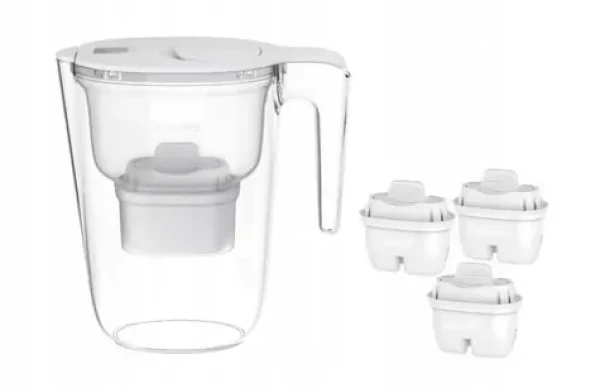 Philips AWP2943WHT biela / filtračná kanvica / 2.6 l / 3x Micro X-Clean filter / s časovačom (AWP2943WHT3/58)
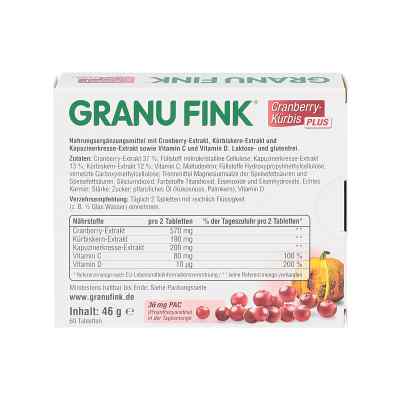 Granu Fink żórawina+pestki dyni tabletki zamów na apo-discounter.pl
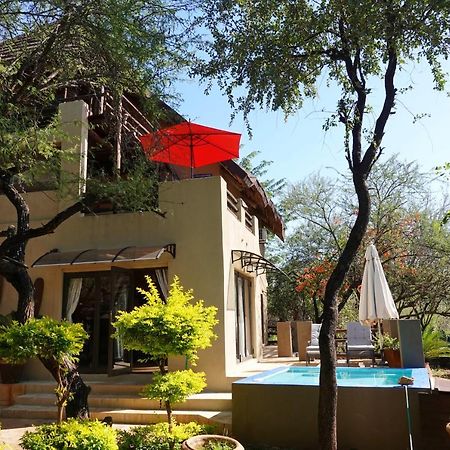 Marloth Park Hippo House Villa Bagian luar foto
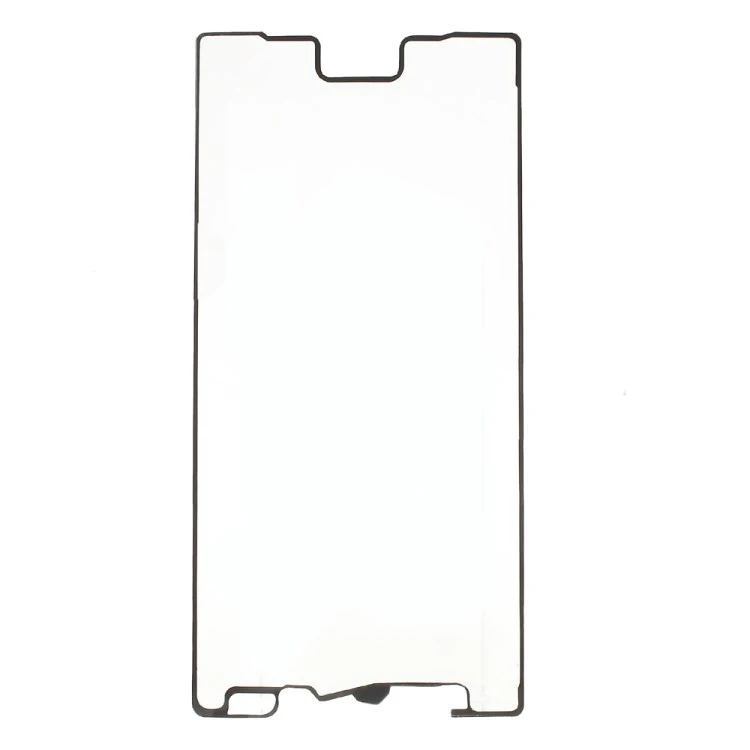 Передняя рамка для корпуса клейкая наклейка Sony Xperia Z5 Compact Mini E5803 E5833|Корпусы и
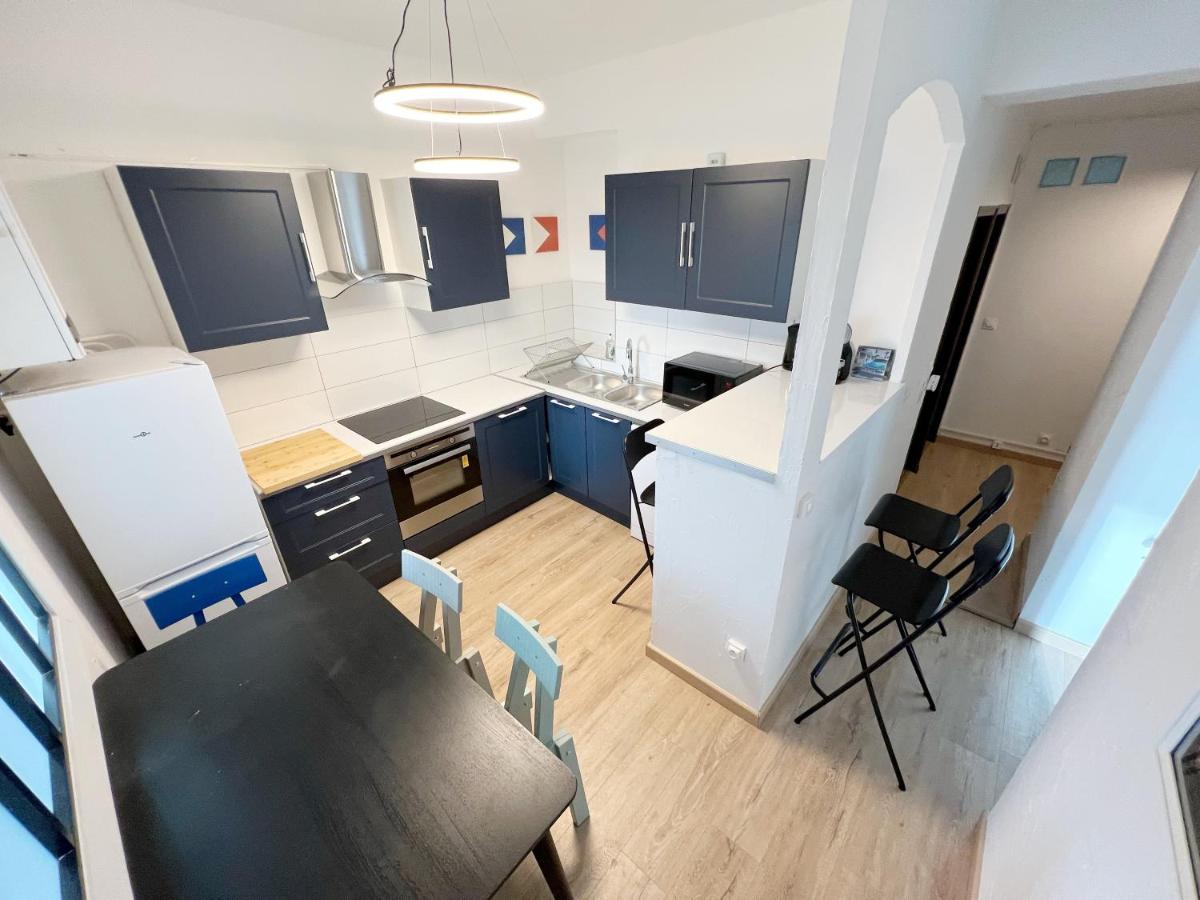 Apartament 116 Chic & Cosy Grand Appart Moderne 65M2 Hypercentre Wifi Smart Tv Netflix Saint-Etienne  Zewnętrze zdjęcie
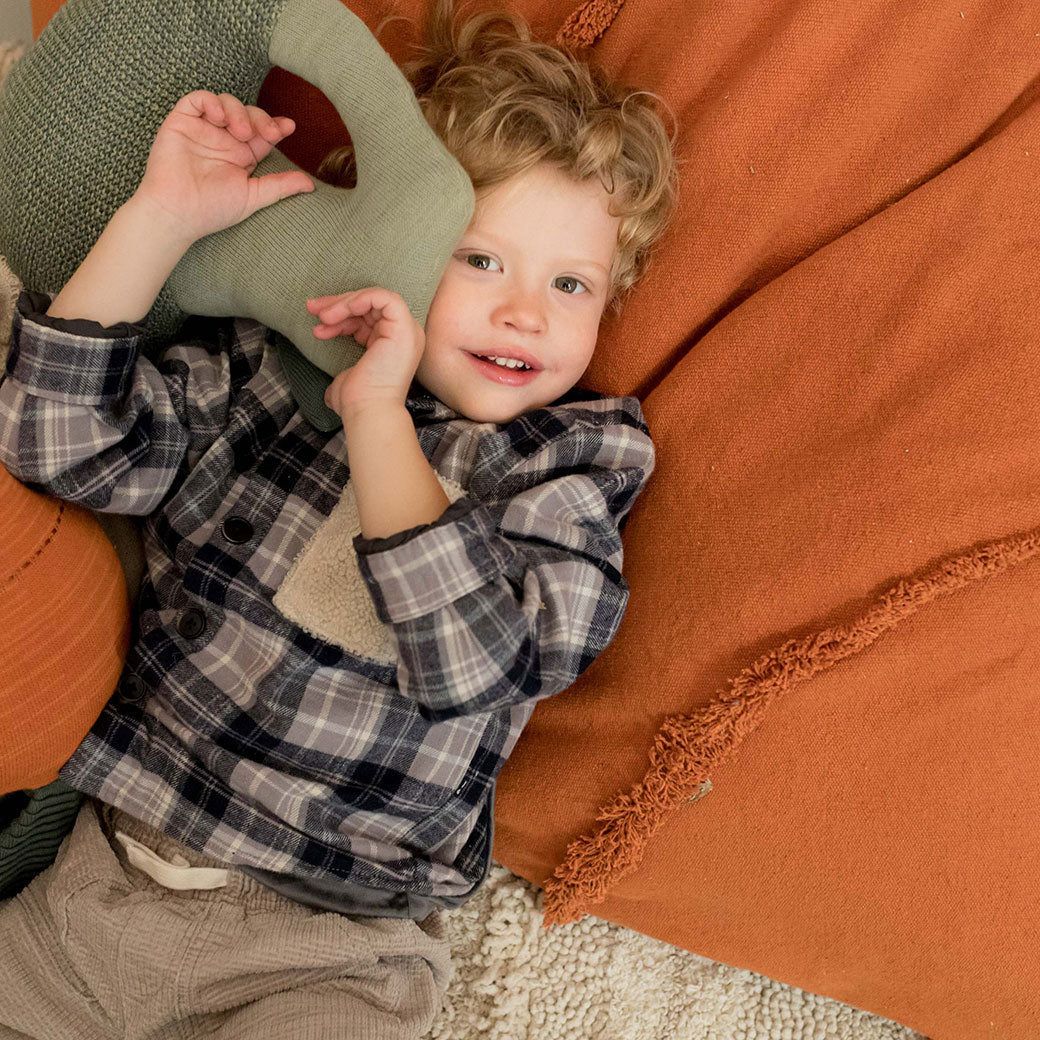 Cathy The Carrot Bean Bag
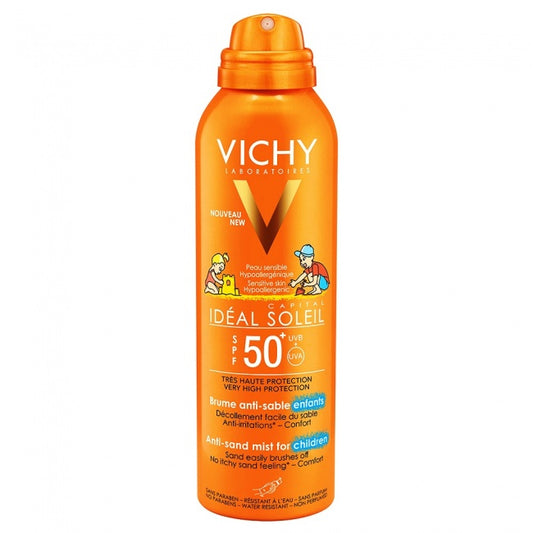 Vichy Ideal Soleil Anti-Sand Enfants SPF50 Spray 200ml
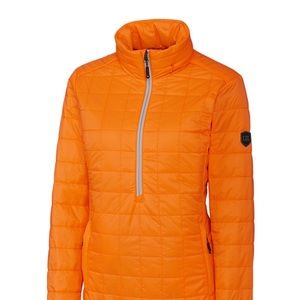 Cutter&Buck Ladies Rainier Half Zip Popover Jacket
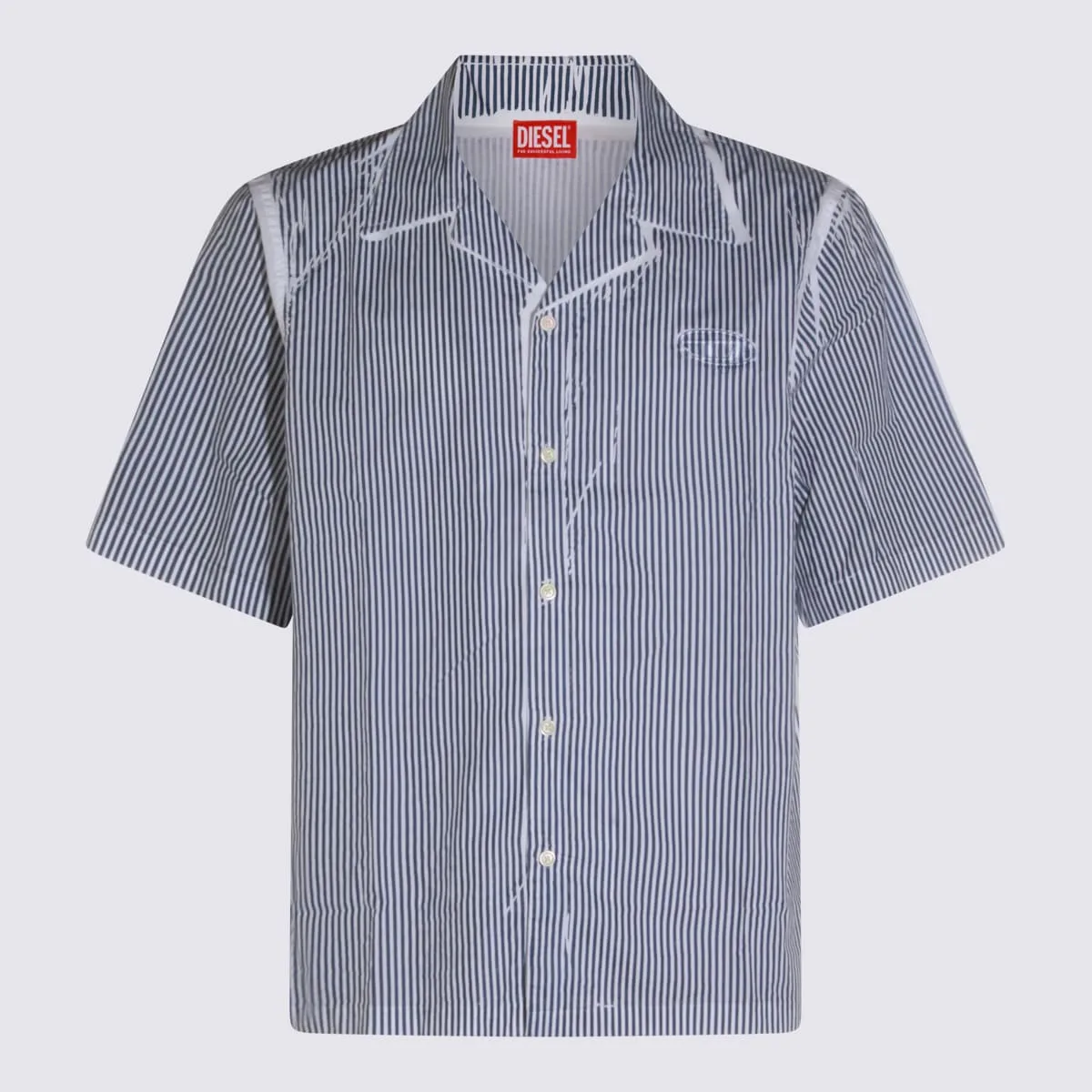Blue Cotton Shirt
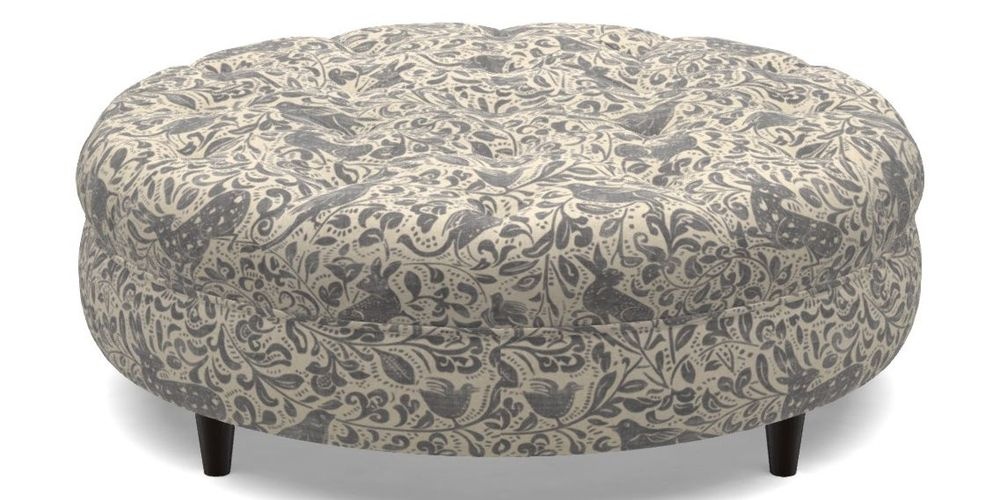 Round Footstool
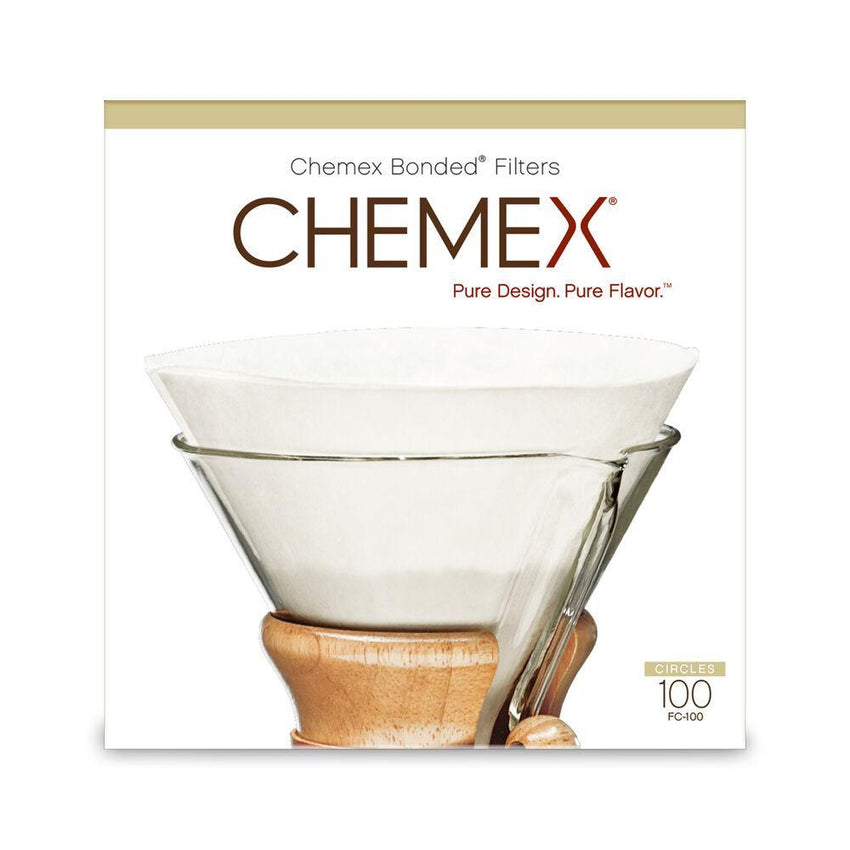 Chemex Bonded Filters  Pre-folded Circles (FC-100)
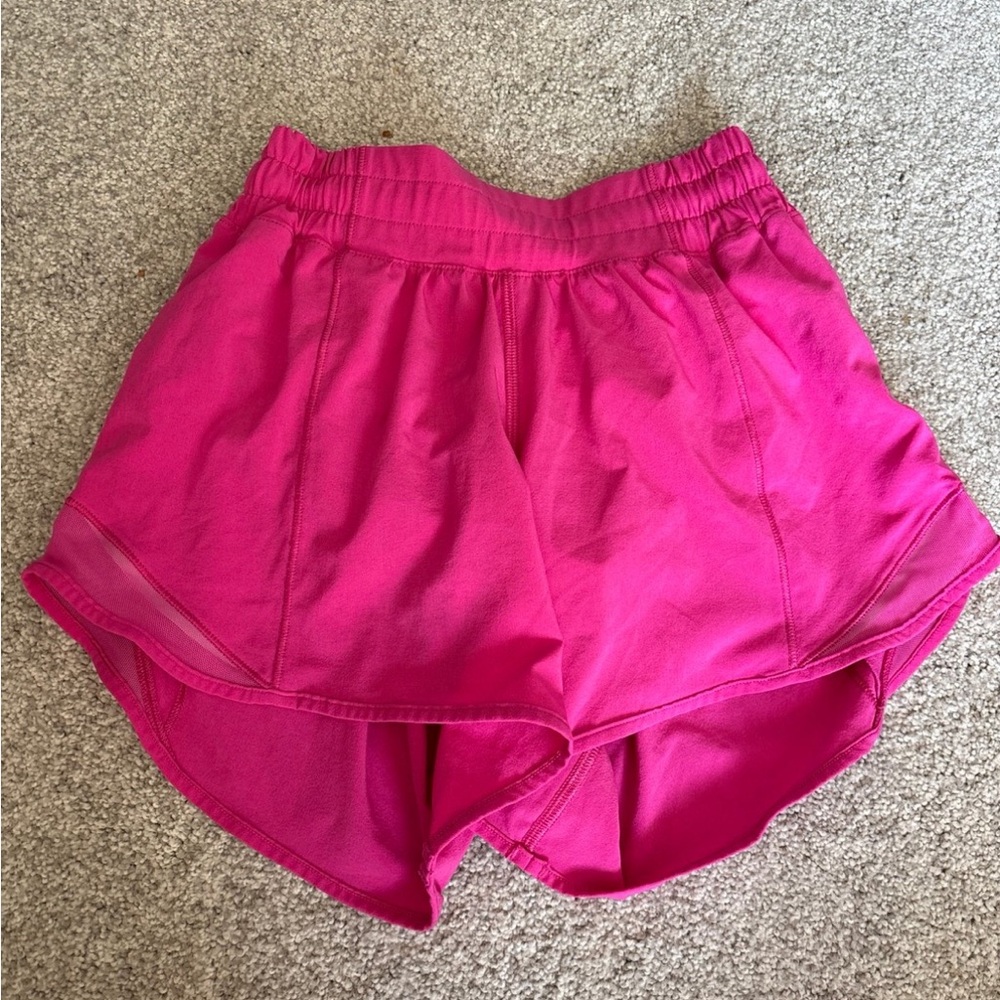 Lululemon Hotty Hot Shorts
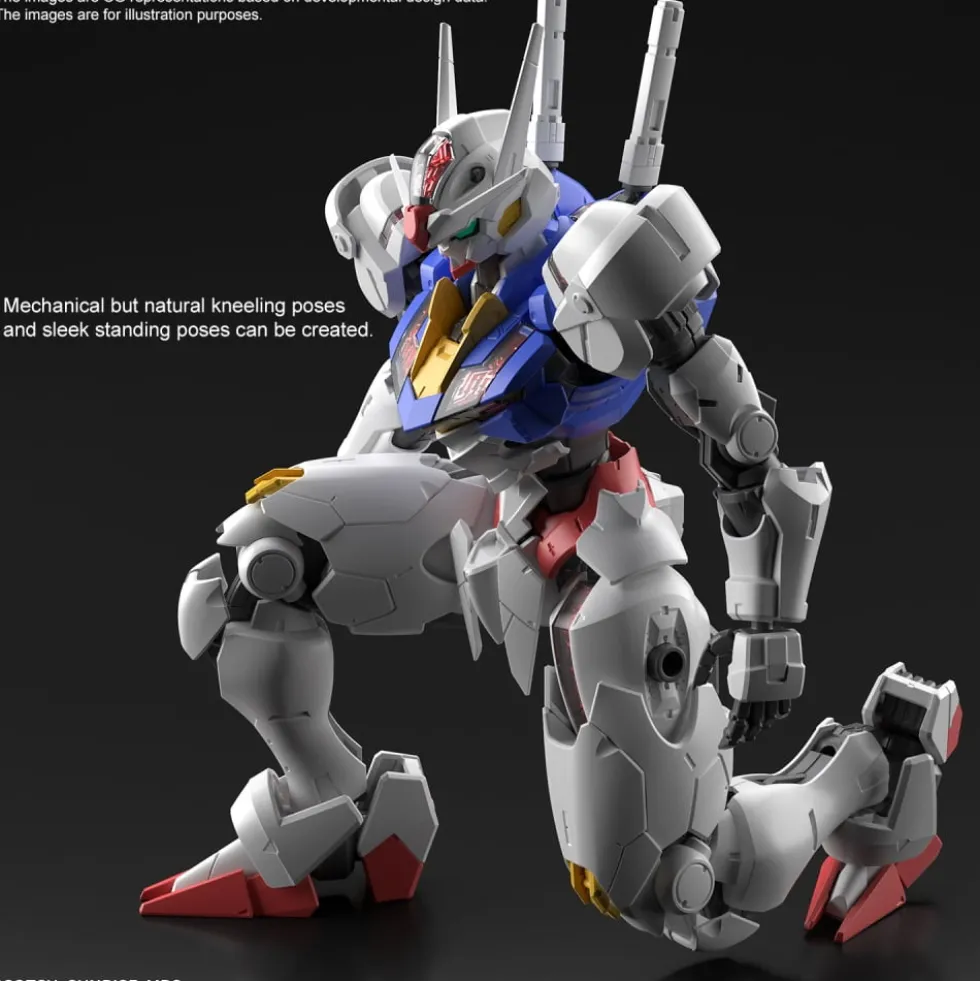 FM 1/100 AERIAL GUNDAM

What to produce
An exact copy of all the data above is required; omit any pictures.

Expected answer
 Philips AWP2943WHT biela / filtračná kanvica / 2.6 l / 3x Micro X-Clean filter / s časovačom (AWP2943WHT3/58)
 Granu Fink żórawina+pestki dyni tabletki zamów na apo-discounter.pl
 Marloth Park Hippo House Villa Bagian luar foto
 Передняя рамка для корпуса клейкая наклейка Sony Xperia Z5 Compact Mini E5803 E5833|Корпусы и
 Apartament 116 Chic & Cosy Grand Appart Moderne 65M2 Hypercentre Wifi Smart Tv Netflix Saint-Etienne  Zewnętrze zdjęcie
 Cathy The Carrot Bean Bag
 Vichy Ideal Soleil Anti-Sand Enfants SPF50 Spray 200ml
 Cutter&Buck Ladies Rainier Half Zip Popover Jacket
Blue Cotton Shirt
 Round Footstool
 Chemex Bonded Filters  Pre-folded Circles (FC-100)
 Lululemon Hotty Hot Shorts
 FM 1/100 AERIAL GUNDAM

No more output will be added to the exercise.